Date of Publication (YYYY-MM-DD):2017
Title of Journal:Front Physiol
Volume:8
Start Page:705
Review Status:Internal review
Audience:Not Specified
Abstract / Description:The fight-or-flight response (FFR), a physiological acute stress reaction, involves positive chronotropic and inotropic effects on heart muscle cells mediated through beta-adrenoceptor activation. Increased systolic calcium is required to enable stronger heart contractions whereas elevated potassium currents are to limit the duration of the action potentials and prevent arrhythmia. The latter effect is accomplished by an increased functional activity of the Kv7.1 channel encoded by KCNQ1. Current knowledge, however, does not sufficiently explain the full extent of rapid Kv7.1 activation and may hence be incomplete. Using inducible genetic KCNQ1 complementation in KCNQ1-deficient human induced pluripotent stem cell-derived cardiomyocytes (hiPSC-CMs), we here reinvestigate the functional role of Kv7.1 in adapting human CMs to adrenergic stress. Under baseline conditions, Kv7.1 was barely detectable at the plasma membrane of hiPSC-CMs, yet it fully protected these from adrenergic stress-induced beat-to-beat variability of repolarization and torsade des pointes-like arrhythmia. Furthermore, isoprenaline treatment increased field potential durations specifically in KCNQ1-deficient CMs to cause these adverse macroscopic effects. Mechanistically, we find that the protective action by Kv7.1 resides in a rapid translocation of channel proteins from intracellular stores to the plasma membrane, induced by adrenergic signaling. Gene silencing experiments targeting RAB GTPases, mediators of intracellular vesicle trafficking, showed that fast Kv7.1 recycling under acute stress conditions is RAB4A-dependent.Our data reveal a key mechanism underlying the rapid adaptation of human cardiomyocytes to adrenergic stress. These findings moreover aid to the understanding of disease pathology in long QT syndrome and bear important implications for safety pharmacological screening.

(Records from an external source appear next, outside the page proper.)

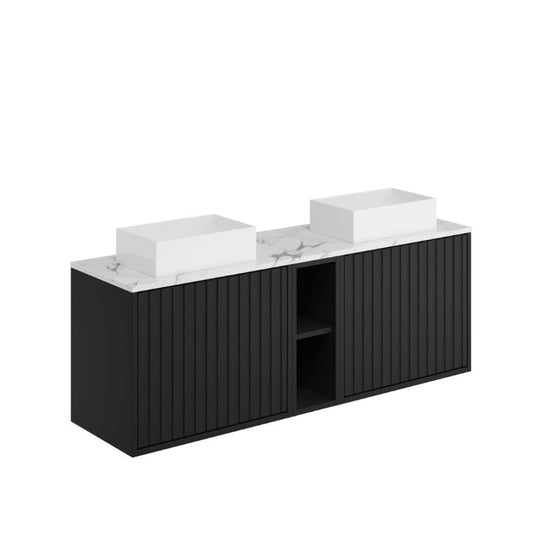 Scudo Alfie 1400mm Cabinet with Open Storage - Brand New Bathrooms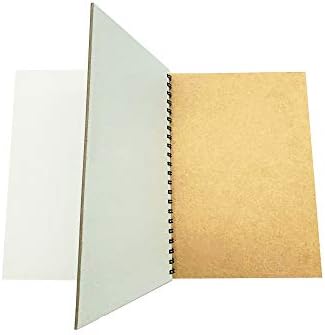 Livro de esboço em espiral Grande notebook （Placa de desenho embutida ）raft capa de esboço em branco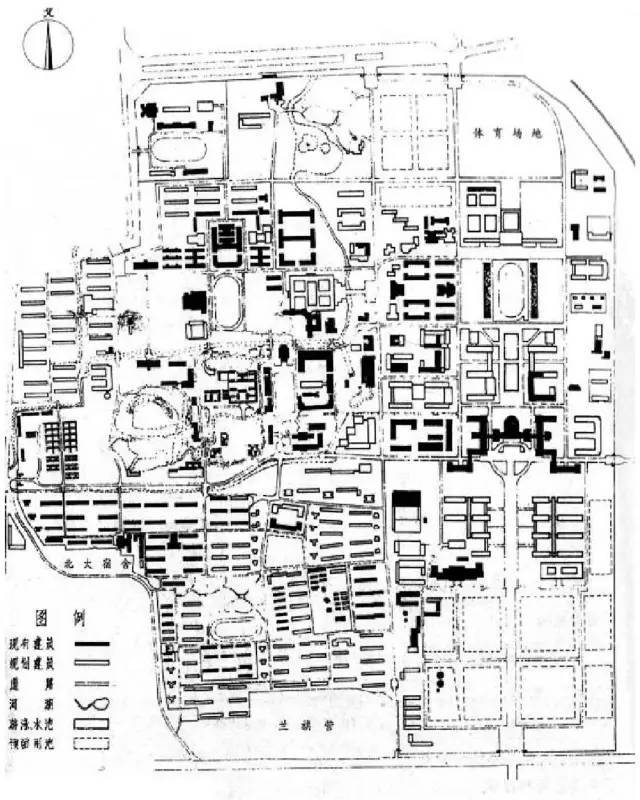 校庆 特辑|30张罕见规划图,带你见证清华园百年变迁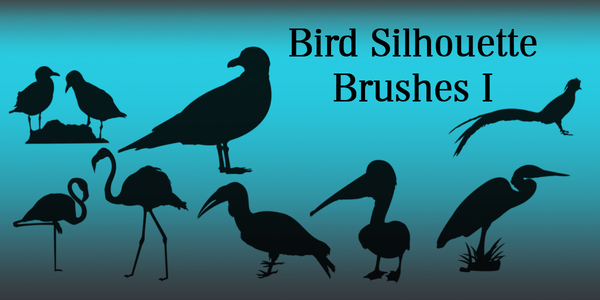 Bird Silhouette photoshop brushes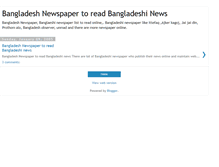 Tablet Screenshot of bangladeshinewspaper.blogspot.com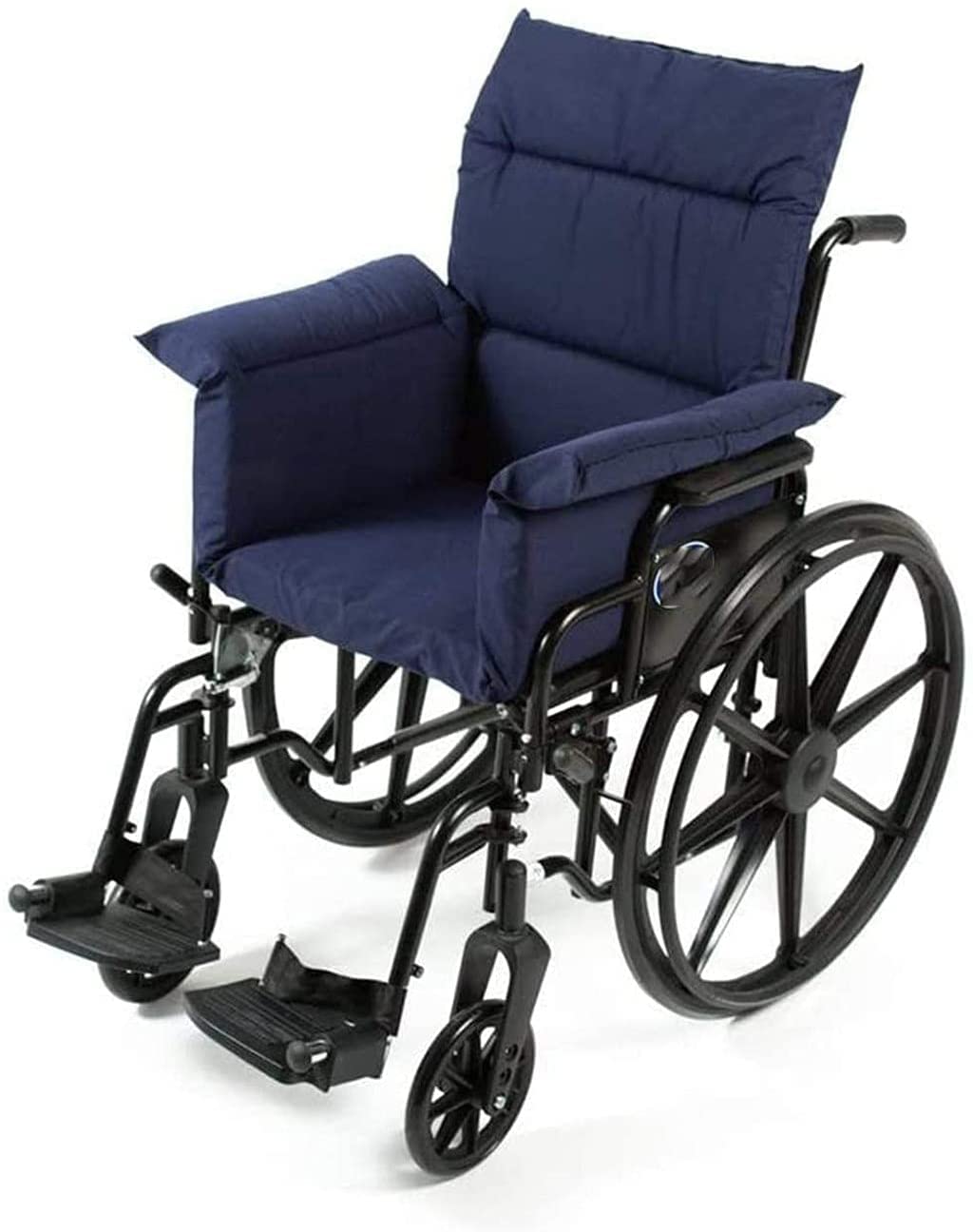 **Pressure Relief Wheelchair Cushion with Back Support - Washable Polyester/Cotton Cover - Red - Ideal for Comfort & Posture Support at Home or Travel**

Free Keywords:Kcnq1; adrenergic stress; fast recycling; hiPSC-derived cardiomyocytes; ion channel transport; stress-induced arrhythmia
External Publication Status:published
Document Type:Article
Communicated by:MPI für molekulare Biomedizin
Affiliations:MPI für molekulare Biomedizin
External Affiliations:Human Stem Cell Pluripotency Laboratory, Max Planck Institute for Molecular BiomedicineMunster, Germany. Institute of Pharmacology and Toxicology, University of MunsterMunster, Germany. Chemical Genomics Centre of the Max Planck SocietyDortmund, Germany.
Identifiers:ISSN:1664-042X (Print) 1664-042X (Linking) %R 10.3389/f... [ID No:1]
URL:https://www.ncbi.nlm.nih.gov/pubmed/28959214 [ID No:2]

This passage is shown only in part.